Sono 27 milioni gli italiani, su 37,5 milioni connessi alla rete, che hanno usato almeno un’applicazione per navigare, con una crescita del 19% rispetto a gennaio 2015, ciò significa che le app sono fondamentali per la crescita di internet in Italia.

L’app più amata è WhatsApp con 18,4 milioni di utenti sempre più inclini a sostituire gli SMS con l’instant messaging (+19% durante gli ultimi 12 mesi). Al secondo posto i servizi di Google, apprezzate da 15,5 milioni di persone.

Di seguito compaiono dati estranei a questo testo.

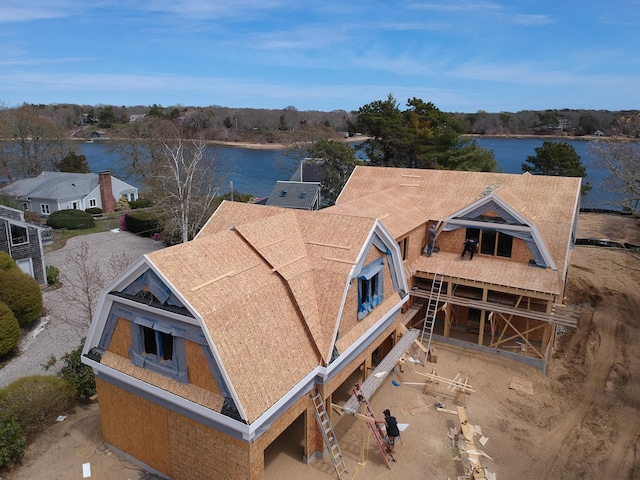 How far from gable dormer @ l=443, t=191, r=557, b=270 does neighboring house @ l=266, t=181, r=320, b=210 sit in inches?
693

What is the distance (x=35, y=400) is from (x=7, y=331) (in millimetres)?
7117

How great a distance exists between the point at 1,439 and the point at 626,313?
3109cm

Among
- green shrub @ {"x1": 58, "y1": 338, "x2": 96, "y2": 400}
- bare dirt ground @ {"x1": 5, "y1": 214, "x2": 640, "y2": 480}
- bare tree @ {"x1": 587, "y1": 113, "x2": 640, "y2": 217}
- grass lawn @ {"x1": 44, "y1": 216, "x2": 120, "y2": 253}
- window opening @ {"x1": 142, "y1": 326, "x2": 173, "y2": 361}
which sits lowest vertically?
bare dirt ground @ {"x1": 5, "y1": 214, "x2": 640, "y2": 480}

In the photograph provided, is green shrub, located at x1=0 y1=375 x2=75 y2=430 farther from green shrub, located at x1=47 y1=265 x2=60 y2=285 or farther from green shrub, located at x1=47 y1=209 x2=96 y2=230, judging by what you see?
green shrub, located at x1=47 y1=209 x2=96 y2=230

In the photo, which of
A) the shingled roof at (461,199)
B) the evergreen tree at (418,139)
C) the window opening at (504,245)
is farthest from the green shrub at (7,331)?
the evergreen tree at (418,139)

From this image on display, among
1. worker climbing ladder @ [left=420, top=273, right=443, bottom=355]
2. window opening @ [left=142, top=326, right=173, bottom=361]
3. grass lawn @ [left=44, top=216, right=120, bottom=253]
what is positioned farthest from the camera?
grass lawn @ [left=44, top=216, right=120, bottom=253]

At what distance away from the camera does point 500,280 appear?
21344 millimetres

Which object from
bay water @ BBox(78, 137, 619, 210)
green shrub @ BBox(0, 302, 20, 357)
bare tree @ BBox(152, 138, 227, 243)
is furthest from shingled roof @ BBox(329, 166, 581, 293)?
bay water @ BBox(78, 137, 619, 210)

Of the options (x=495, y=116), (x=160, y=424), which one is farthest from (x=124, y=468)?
(x=495, y=116)

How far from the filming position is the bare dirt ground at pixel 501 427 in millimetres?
14273

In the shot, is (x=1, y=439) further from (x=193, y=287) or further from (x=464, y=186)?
(x=464, y=186)

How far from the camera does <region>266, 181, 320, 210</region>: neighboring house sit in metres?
40.0

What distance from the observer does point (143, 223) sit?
4322 centimetres

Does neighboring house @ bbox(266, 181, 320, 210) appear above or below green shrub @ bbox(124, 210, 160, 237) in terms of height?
above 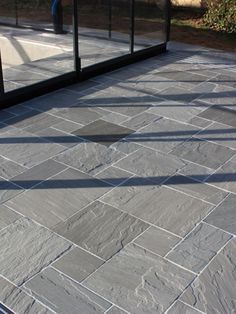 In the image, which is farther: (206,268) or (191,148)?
(191,148)

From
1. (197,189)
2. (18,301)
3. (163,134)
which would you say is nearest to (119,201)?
(197,189)

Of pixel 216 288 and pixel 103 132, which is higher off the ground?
pixel 103 132

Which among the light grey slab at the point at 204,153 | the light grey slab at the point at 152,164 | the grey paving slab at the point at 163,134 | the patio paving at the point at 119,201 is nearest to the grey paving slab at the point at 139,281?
the patio paving at the point at 119,201

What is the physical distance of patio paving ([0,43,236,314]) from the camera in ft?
8.38

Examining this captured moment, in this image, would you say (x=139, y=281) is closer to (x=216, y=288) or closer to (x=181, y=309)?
(x=181, y=309)

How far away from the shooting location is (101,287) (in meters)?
2.58

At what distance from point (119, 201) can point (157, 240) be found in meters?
0.50

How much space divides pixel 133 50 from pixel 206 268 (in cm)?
421

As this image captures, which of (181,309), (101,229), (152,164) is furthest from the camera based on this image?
(152,164)

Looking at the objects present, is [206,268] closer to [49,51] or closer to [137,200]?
[137,200]

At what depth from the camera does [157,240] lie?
9.72ft

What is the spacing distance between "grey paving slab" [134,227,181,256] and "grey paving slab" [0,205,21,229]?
82 cm

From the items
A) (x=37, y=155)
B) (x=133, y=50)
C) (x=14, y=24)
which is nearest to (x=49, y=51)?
(x=14, y=24)

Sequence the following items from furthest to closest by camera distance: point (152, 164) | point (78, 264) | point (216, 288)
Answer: point (152, 164) < point (78, 264) < point (216, 288) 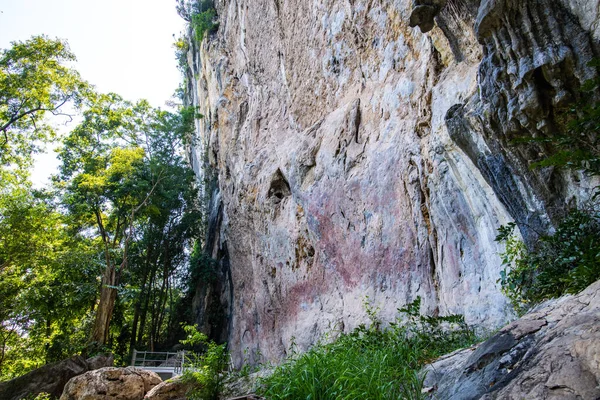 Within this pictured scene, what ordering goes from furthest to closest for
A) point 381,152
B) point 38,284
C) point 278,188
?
point 38,284
point 278,188
point 381,152

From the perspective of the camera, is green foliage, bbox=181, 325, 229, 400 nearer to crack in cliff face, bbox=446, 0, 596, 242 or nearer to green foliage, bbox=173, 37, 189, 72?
crack in cliff face, bbox=446, 0, 596, 242

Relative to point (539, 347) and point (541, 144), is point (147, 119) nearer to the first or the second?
point (541, 144)

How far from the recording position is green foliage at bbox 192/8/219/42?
2341 cm

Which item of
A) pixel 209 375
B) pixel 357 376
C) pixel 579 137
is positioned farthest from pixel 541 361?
pixel 209 375

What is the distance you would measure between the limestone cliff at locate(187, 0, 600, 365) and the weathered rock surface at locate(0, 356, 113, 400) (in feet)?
19.3

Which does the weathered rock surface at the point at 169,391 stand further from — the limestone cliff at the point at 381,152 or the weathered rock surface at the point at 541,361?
the weathered rock surface at the point at 541,361

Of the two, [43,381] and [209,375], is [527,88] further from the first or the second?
[43,381]

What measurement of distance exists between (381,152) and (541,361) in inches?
277

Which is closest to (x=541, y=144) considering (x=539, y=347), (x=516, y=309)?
(x=516, y=309)

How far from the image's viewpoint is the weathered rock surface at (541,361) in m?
2.70

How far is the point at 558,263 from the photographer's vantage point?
470 centimetres

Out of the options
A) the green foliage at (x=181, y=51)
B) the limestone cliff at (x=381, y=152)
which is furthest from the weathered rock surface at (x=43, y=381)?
the green foliage at (x=181, y=51)

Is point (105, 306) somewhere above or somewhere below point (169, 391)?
above

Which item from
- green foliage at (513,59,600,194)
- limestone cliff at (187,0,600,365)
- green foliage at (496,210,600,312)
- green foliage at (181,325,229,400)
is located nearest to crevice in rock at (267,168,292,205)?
limestone cliff at (187,0,600,365) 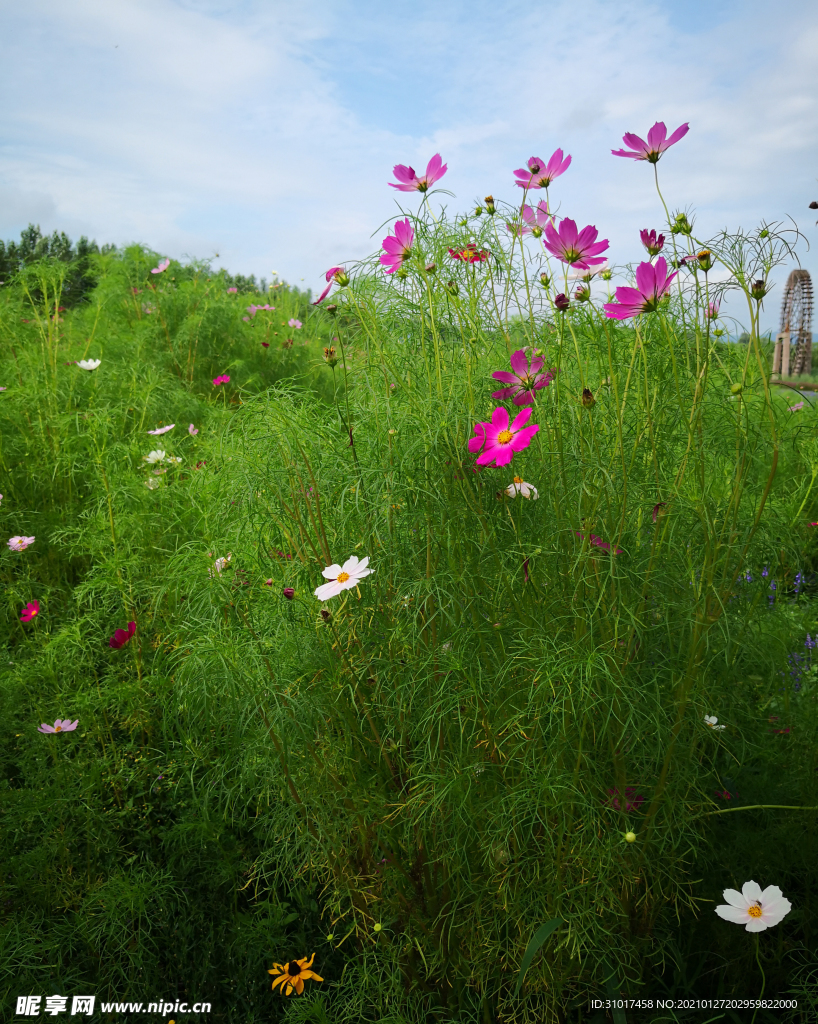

Tra i servizi di messaggistica si conferma un’affezione ancora alta per Skype, proprietà di Microsoft, che cresce del 17%, conquistando 5,3 milioni di persone. In forte ascesa (+12%) anche l’app di Facebook, scelta da 14,2 milioni di utenti. Sempre più apprezzata Instagram con una crescita del 200%, Twitter del 110% e Facebook dell’80%.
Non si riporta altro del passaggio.